[Excerpts from a dataset]

○ ○ ○ ○

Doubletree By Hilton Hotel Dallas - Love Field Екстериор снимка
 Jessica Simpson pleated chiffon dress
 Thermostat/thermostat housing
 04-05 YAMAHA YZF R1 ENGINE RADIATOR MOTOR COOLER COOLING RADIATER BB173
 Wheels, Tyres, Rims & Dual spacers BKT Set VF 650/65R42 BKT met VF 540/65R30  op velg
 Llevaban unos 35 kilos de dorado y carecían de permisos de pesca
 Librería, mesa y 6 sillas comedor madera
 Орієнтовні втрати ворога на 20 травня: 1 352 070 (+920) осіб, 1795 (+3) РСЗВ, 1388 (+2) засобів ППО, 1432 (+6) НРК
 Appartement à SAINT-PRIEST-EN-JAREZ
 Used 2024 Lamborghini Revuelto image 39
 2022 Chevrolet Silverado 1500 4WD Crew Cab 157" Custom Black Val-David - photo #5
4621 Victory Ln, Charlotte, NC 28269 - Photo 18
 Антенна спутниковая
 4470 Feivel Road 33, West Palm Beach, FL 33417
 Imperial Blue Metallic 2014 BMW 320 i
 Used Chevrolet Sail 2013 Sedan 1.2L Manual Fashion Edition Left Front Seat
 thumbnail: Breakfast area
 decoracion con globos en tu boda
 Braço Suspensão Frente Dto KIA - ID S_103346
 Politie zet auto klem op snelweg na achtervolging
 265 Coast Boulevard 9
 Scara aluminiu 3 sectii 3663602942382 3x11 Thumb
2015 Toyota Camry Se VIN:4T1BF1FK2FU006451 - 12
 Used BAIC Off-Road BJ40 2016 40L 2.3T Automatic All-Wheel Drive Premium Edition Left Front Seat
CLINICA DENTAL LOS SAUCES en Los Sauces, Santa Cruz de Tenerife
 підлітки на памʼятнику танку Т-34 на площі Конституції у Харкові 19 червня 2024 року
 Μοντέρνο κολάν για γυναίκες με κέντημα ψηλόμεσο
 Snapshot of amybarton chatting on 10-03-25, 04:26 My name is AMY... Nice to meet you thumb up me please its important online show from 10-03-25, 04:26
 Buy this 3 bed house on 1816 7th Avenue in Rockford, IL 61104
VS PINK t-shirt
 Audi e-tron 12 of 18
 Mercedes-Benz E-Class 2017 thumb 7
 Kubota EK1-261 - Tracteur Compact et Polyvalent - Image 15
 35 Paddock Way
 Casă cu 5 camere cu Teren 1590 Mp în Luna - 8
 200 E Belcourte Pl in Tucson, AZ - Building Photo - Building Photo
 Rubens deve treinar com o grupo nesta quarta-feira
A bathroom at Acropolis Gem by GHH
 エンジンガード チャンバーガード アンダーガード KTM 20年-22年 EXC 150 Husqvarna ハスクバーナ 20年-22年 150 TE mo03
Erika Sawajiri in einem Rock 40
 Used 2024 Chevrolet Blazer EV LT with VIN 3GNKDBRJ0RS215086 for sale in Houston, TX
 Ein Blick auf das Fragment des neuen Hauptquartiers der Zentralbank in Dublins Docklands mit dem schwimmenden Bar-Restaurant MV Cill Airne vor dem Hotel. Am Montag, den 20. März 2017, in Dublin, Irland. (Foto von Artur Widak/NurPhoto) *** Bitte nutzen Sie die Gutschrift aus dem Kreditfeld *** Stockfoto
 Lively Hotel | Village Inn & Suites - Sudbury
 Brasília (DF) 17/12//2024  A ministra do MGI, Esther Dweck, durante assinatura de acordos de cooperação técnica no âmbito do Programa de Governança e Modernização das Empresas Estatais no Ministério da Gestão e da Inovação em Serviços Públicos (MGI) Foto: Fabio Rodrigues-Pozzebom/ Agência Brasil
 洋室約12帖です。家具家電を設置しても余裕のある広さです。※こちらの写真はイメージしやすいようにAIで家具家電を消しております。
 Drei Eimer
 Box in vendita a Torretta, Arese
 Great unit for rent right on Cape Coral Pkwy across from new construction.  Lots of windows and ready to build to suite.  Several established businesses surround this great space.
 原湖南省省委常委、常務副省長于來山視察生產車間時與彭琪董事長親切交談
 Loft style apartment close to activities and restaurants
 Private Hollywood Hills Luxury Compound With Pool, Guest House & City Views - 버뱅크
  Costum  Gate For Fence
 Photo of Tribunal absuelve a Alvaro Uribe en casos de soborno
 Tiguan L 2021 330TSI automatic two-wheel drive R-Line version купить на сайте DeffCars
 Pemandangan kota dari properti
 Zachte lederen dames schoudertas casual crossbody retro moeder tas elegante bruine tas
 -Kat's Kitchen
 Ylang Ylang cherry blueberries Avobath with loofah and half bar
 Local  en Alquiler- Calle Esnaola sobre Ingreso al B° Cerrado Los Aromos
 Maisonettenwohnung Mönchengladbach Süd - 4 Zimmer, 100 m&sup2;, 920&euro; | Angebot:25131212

○ ○ ○ ○

» Exercise prompt:
Starting with the line that holds "Snapshot of amybarton" and ending with the line that holds "Lively Hotel |", retype every line in the data above exactly, and nothing else.

» Exercise answer:
 Snapshot of amybarton chatting on 10-03-25, 04:26 My name is AMY... Nice to meet you thumb up me please its important online show from 10-03-25, 04:26
 Buy this 3 bed house on 1816 7th Avenue in Rockford, IL 61104
VS PINK t-shirt
 Audi e-tron 12 of 18
 Mercedes-Benz E-Class 2017 thumb 7
 Kubota EK1-261 - Tracteur Compact et Polyvalent - Image 15
 35 Paddock Way
 Casă cu 5 camere cu Teren 1590 Mp în Luna - 8
 200 E Belcourte Pl in Tucson, AZ - Building Photo - Building Photo
 Rubens deve treinar com o grupo nesta quarta-feira
A bathroom at Acropolis Gem by GHH
 エンジンガード チャンバーガード アンダーガード KTM 20年-22年 EXC 150 Husqvarna ハスクバーナ 20年-22年 150 TE mo03
Erika Sawajiri in einem Rock 40
 Used 2024 Chevrolet Blazer EV LT with VIN 3GNKDBRJ0RS215086 for sale in Houston, TX
 Ein Blick auf das Fragment des neuen Hauptquartiers der Zentralbank in Dublins Docklands mit dem schwimmenden Bar-Restaurant MV Cill Airne vor dem Hotel. Am Montag, den 20. März 2017, in Dublin, Irland. (Foto von Artur Widak/NurPhoto) *** Bitte nutzen Sie die Gutschrift aus dem Kreditfeld *** Stockfoto
 Lively Hotel | Village Inn & Suites - Sudbury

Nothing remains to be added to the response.